In these several weeks we had a serious trouble on NDS. Excitation triggered this trouble, but then all the fast data by dataviewer and diaggui had slow response or sometimes did not work at all. All the real time modules and EPICS channels were fine, for example, dapming kept working during this trouble.
Behaviors I looked at servers are something like this;
1. Load of daqd of k1nds0, k1nds1, k1fw0, k1fw0 was sometimes very large. It was looked by top command on each server.
2. Missing packets happened repeatedly on NDS. As a result of that, it repeated that daqd on nds stopped and automatically restarted by /etc/inittab.
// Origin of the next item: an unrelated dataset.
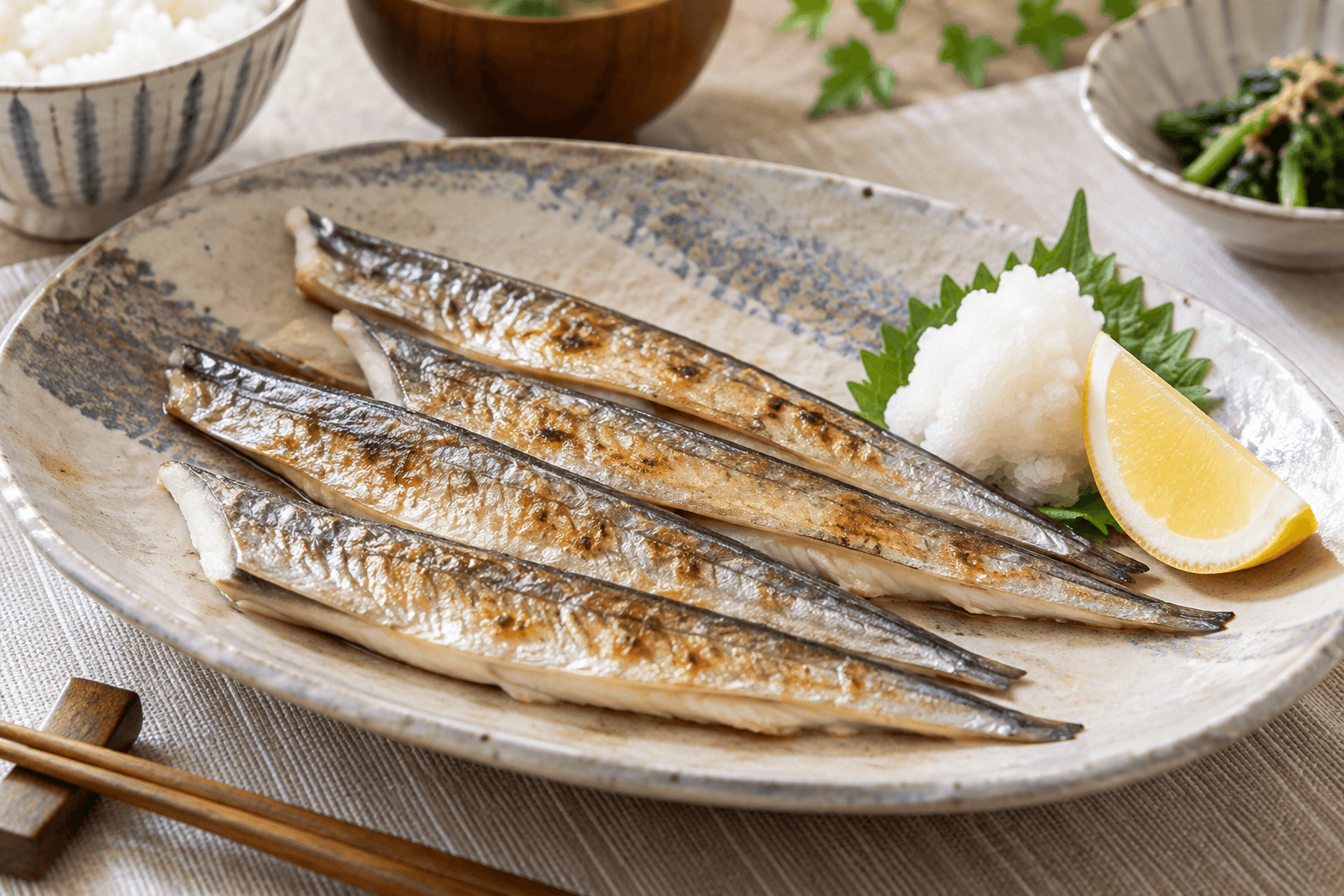 サヨリの塩焼き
This period of repeat depended on how big the load existed, specially depending on how many channels were defined on fb/master file even no actual RT PC was running. Typically it repeated every minutes.
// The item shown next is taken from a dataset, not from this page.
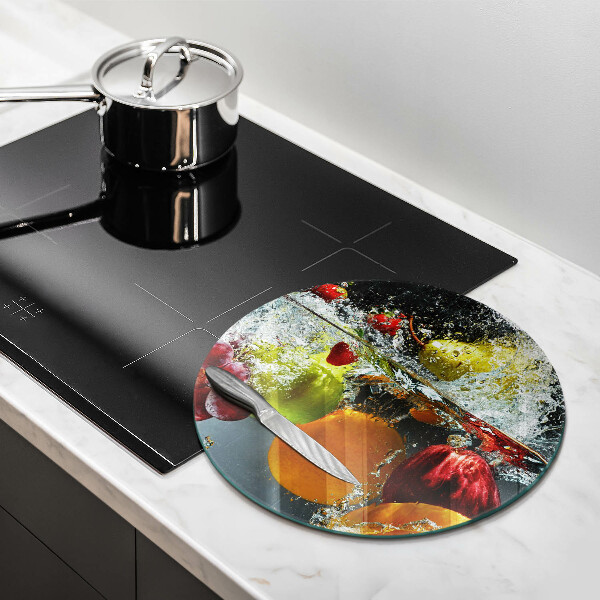 Protection plaque induction Fruits juteux dans l'eau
3. Using ifconfig showed also some packet drops on myri0 of nds or fw, but no packet was dropped on myri1 of fw. One more strange thing was the amount of packet on myrinet was too small.
Finally actual problem was found that the DAQ data was broadcasted into TCP/IP network but not into DAQ network. i.e. 10GB network was not being used between k1dc0 to NDSs and FWs. I changed daqd.rc of k1dc0 to route 10GB network and all troubles seemed to be fixed. Nakano-kun reported all the response including MEDM in mine is much faster now.
If you see any trouble for fast data, please let me know.
The past date is still something wrong. I confirmed that DAQ channels are stored on 20TB storage but dataviewer and diaggui cannot read the past data. It should be fixed as soon as possible.